Post by
donmayne on Jan 01, 2021 8:57am
2020 - My take
Fellow investors.
What a crazy year for a company that claimed at the beginning of the year that it had often mentioned a core business with an established track record growth rate.
In at the end of 2019, the closing price was $C8.13. It fell to $C3.36 (low) and then rose to $C16.19 (high) and then down again to $C9.95 close.
The growth in the core business was excusably paused with the first wave of Covid but management suprised everyone by taking advantage of the shortages in PPE and became a supplier of PPE and Vents. In doing so, they took the opportunity to replace their own equipment with newer models and sold off all their old equipment. Some of their own customers who were not using the equipment had that unused equipment sold off and those customers were removed from the total numbers. The way of doing business changed and the Respiratory Therapists moved to virtual visits. This triggered more opportunity in the long run but more interference with the growth.
The company had a blockbuster quarter of earnings from sales of vents and PPE. This caused the share price to jump above $C16. Management options were exercised en-masse. Hmmm what did they know?
After peaking above $16 in June and trading around $15 in July, it likely occured to management that it was a lost opportunity to have made a public offering to raise significant funds. This is the motivation behind the shelf offering because the company knew that there was going to be a second wave and more opportunities might arise for being an intermediary in the supply chain of PPE and vents.
When the company finally picked up the pieces of its core business in the fall, it recognized that its track record on growth was itself on life support. When the forward looking growth was announced it was less than what had been touted in the past. The PE ratio for the core business profits suffered.
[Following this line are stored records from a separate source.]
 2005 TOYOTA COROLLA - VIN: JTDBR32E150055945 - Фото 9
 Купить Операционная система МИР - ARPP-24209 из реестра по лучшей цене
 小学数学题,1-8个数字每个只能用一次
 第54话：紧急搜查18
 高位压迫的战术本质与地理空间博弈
Understandably, the estimates were low which is reflective of management's conservative nature and they knew a second wave would likely negatively impact the normal business procedures.
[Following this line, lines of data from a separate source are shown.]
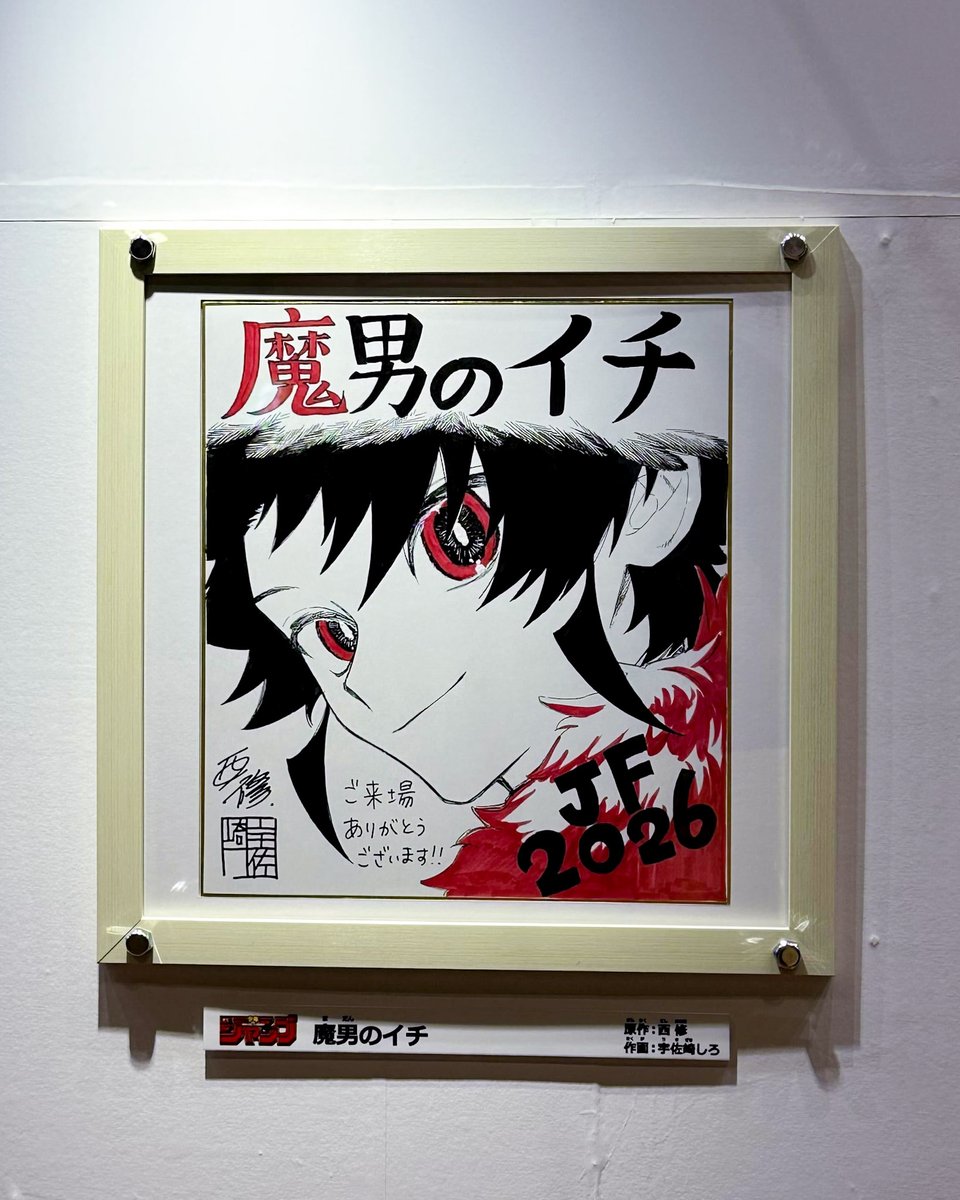 🪄サイン色紙プレゼントキャンペーン🪄/／ 『魔男のイチ』西先生・宇佐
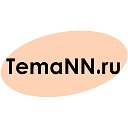 Новости Тема Нижний Новгород (TemaNN.ru)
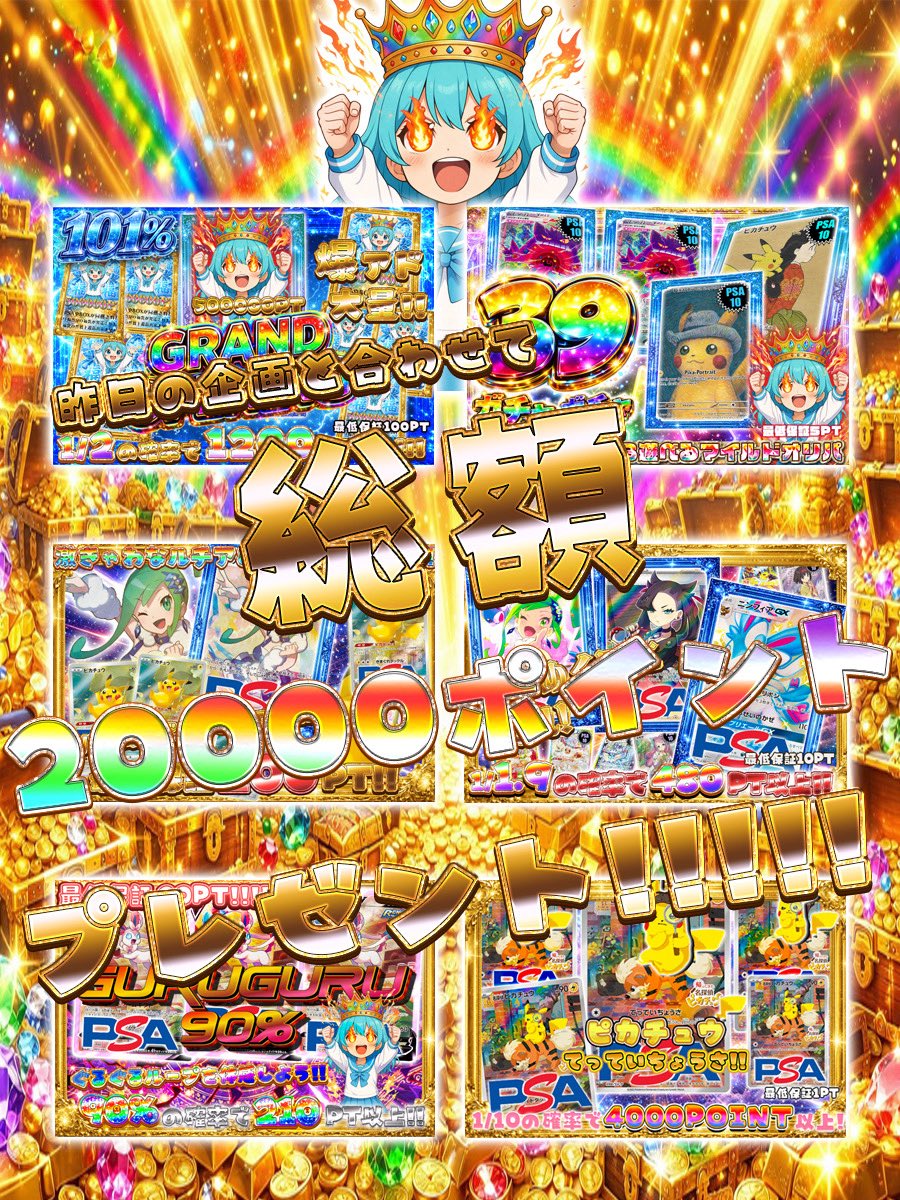 瑠璃オリパ@高還元率ガチャ専門店 tweet media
Investors (including institutions) looking for a company with a core business and a long term track record cannot make Viemed fit their templates. Due to its decline in price, it became a natural one to dump from their portfolio and take a capital loss to offset capital gains in other holdings.
No doubt management is hoping for an increase in the share price so that it can capitalize on the shelf offering. My sense is that their target price to launch the public offering would again be in the $15+ range. If they were to do that, the timing for this might again be in the spring/early summer coinciding with Q1 or Q2 results.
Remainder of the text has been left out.